Thus it was day after day, always the same, relentlessly the same, undeviating monotony. Martin always praised Jeannette, her mother praised her, even the neighbors praised her. Alice wrote loving messages of deep gratitude. She responded to the general approval, delighted in the applause. The thought that she was proving herself equal to this unfamiliar rôle, that she was doing her job efficiently, comforted and inspired her. Revelling in her righteous duty, she threw herself passionately into its perfect execution. She gave it all her energy, thought and time. She told her husband and mother with much emphasis that Etta and Ralph were far better behaved now than they ever had been with their own father and mother.

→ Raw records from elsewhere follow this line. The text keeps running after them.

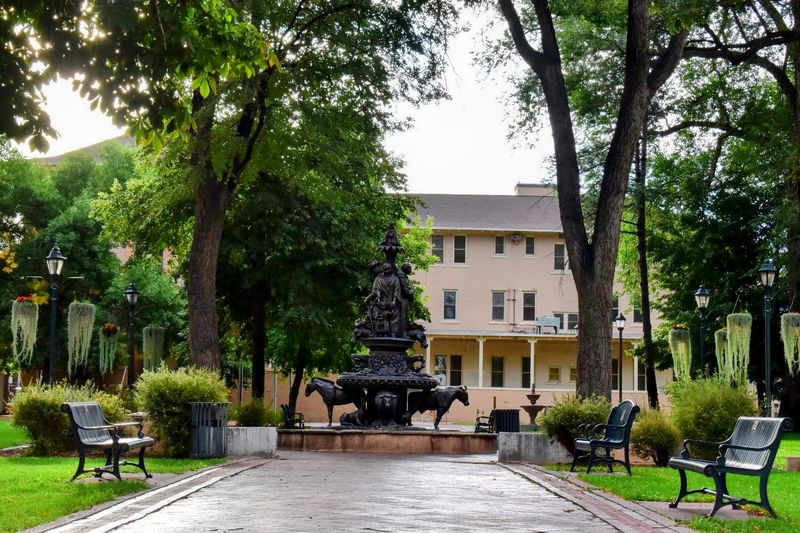 A Peaceful Green Space Hides Beside The Plaza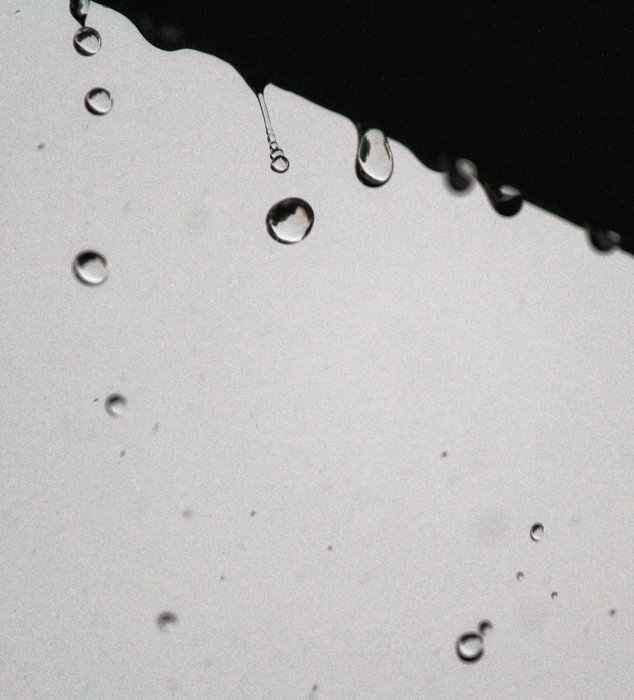 Minimal close up photo of raindrops falling shot with fast shutter speed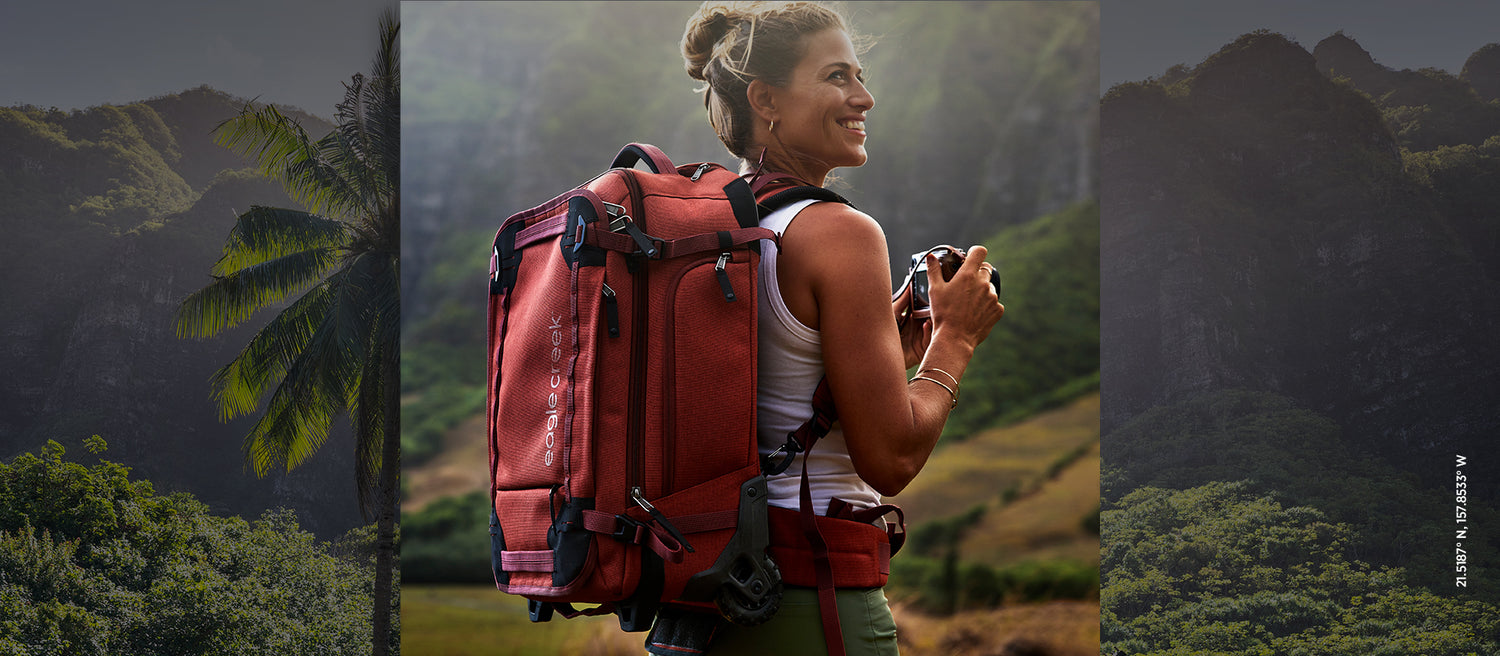 A woman in Hawaii with a red Gear Warrior Convertible Backpack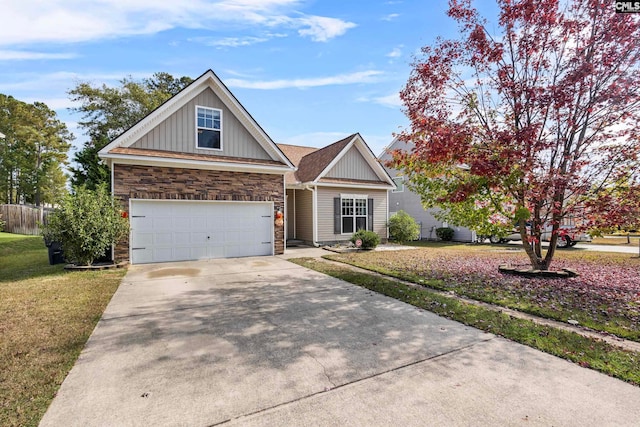 view of front of home with a front yard and a garage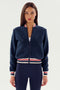 A person with long hair is wearing the Willa Sherpa Jacket - Indigo by SPLITS59, standing against a plain white background.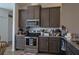 Kitchen featuring dark cabinets, stainless steel appliances, and granite countertops at 512 Central Ridge Ln, Frostproof, FL 33843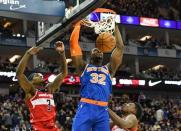 Jan 17, 2019; London, United Kingdom; New York Knicks forward Noah Vonleh (32) dunks over Washington Wizards guard Bradley Beal (3) during the third quarter at The O2 Arena. Mandatory Credit: Steve Flynn-USA TODAY Sports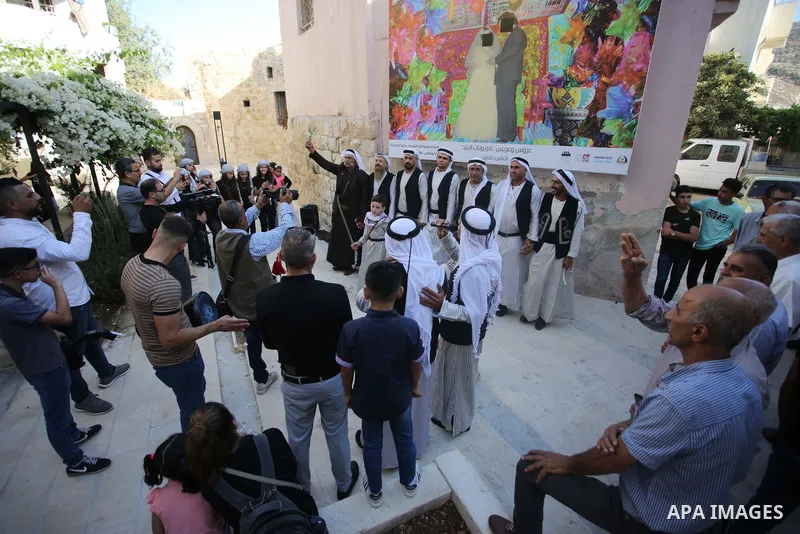 Palestinians wearing traditional dress during participation in the bride Exhibition in the northern town of Asira, north the West Bank city of Nablus on August 27, 2022. Photo by Shadi Jarar'ah\ apaimages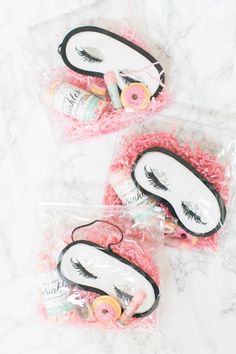 three bags filled with fake eyelashes on top of a marble countertop next to each other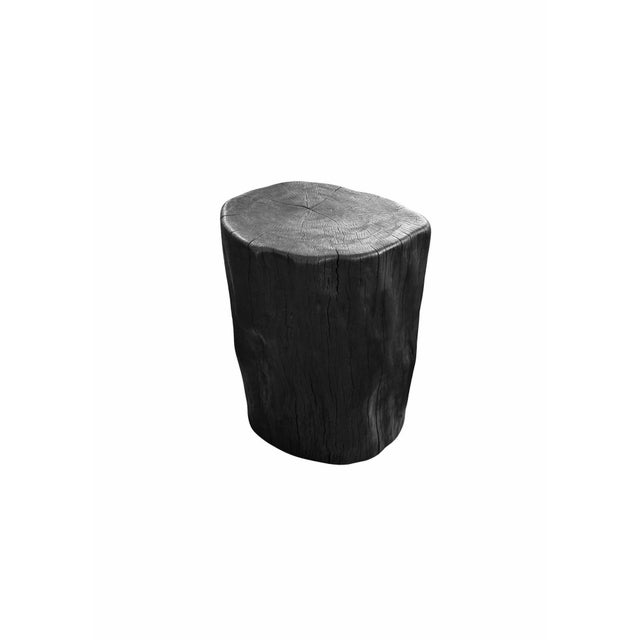 A sculptural side table hand-crafted from solid lychee wood by skilled artisans on the island of Bali. The piece is...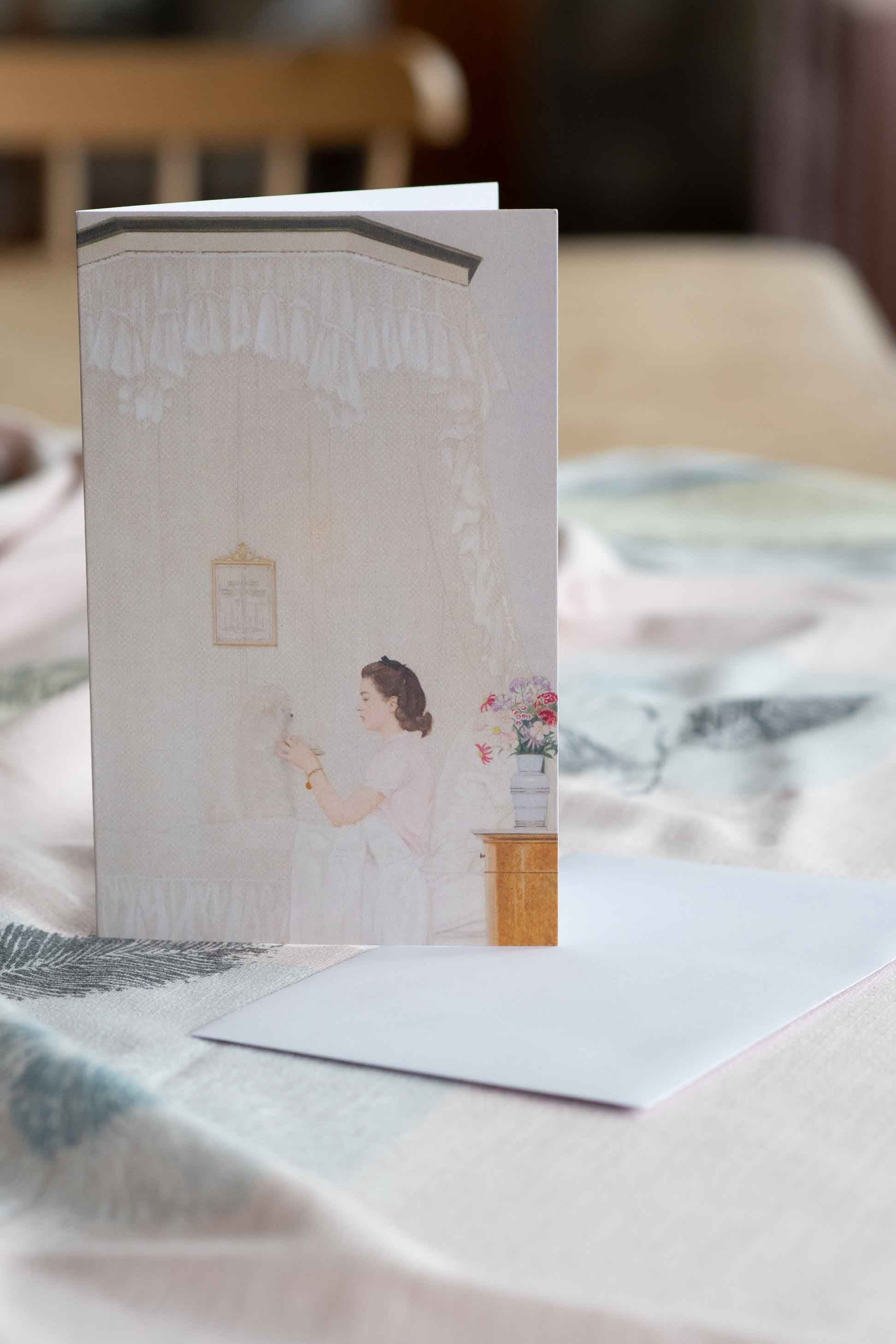 Sylvie card with illustration of woman and dog.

“It’s routine, I tell you,” she would say. “Children respond to routine and this business of deviating from a strict schedule is demoralizing. A little firmness is all that is necessary in making children good. They really are very adaptable. I confess I was surprised. They learn so quickly! The minute Etta and Ralph saw when they first came that I wouldn’t stand for any foolishness, they were as meek as lambs.... I declare! Alice is so soft and easy-going with them, I hate to think of their being spoilt when they go back.”

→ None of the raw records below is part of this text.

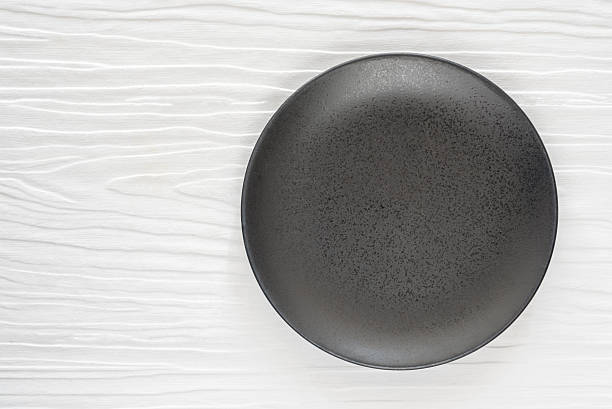 istock Black ceramic bowl on the white wooden table 537690466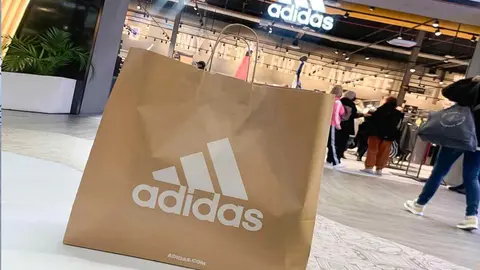 Bolsa de compra Adidas frente a su tienda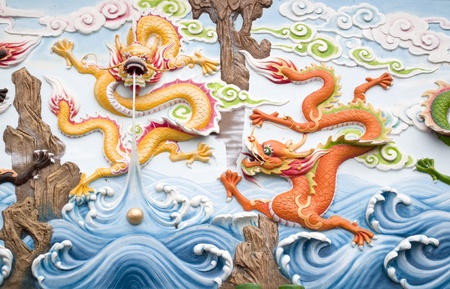 dragon statues on wall of a beautiful templeの写真素材
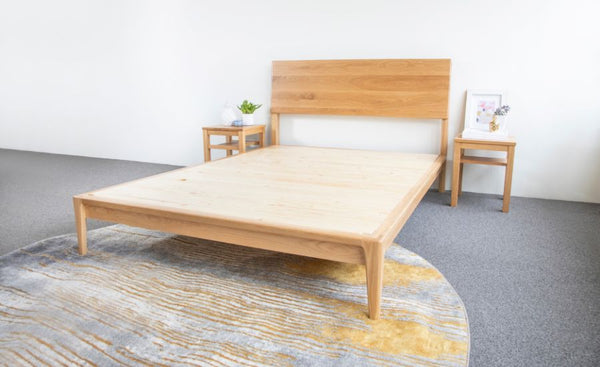 A flat solid wood bed base can help to make a mattress more firm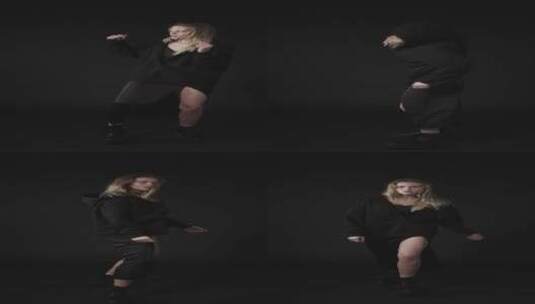 穿着黑色连衣裙的模特在跳舞高清在线视频素材下载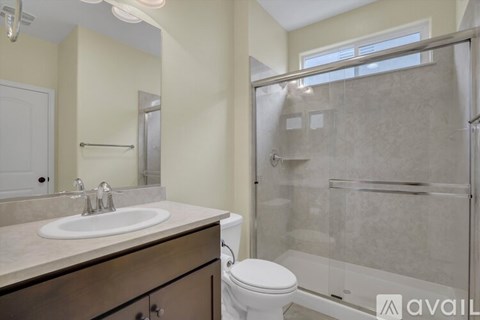 A bathroom with a toilet, sink, and walk-in shower.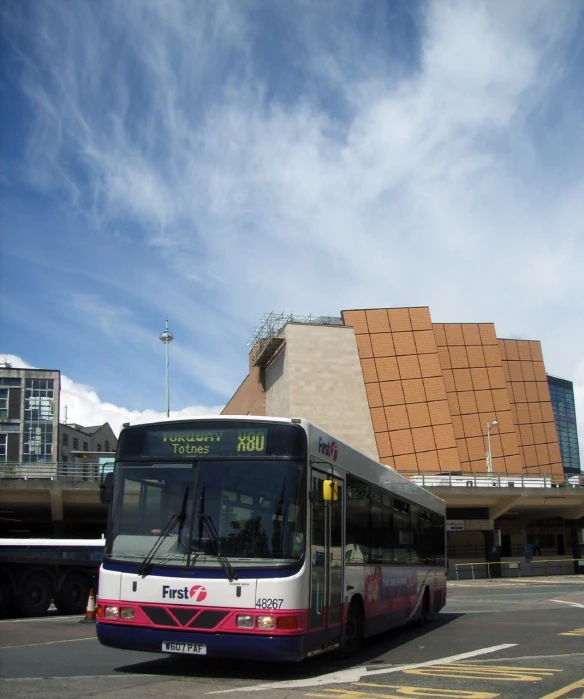 a bus parked outside a large building in front of it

It was another surprise to Jeannette to discover how little the presence of the children in the house disturbed Martin. She had thought he would grow restless after a time and that they would be certain to annoy him. She had been sure he would soon object to ties which would chain her to the house. Martin loved children—loved them particularly well for a man, perhaps—but he was often unreasonable where her time and movements were concerned, and had always rebelled at restraint. Now he mildly accepted the new element in their lives without protest and as time passed continued amiable. If she could not go out with him or accept an invitation, he did not reproach or even urge her, but praised her for her devotion, and often stayed at home to keep her company. Saturday nights, however, when the “gang” gathered at the Yacht Club, he went off to join them, but since the children were with her, Jeannette did not mind being alone in the house.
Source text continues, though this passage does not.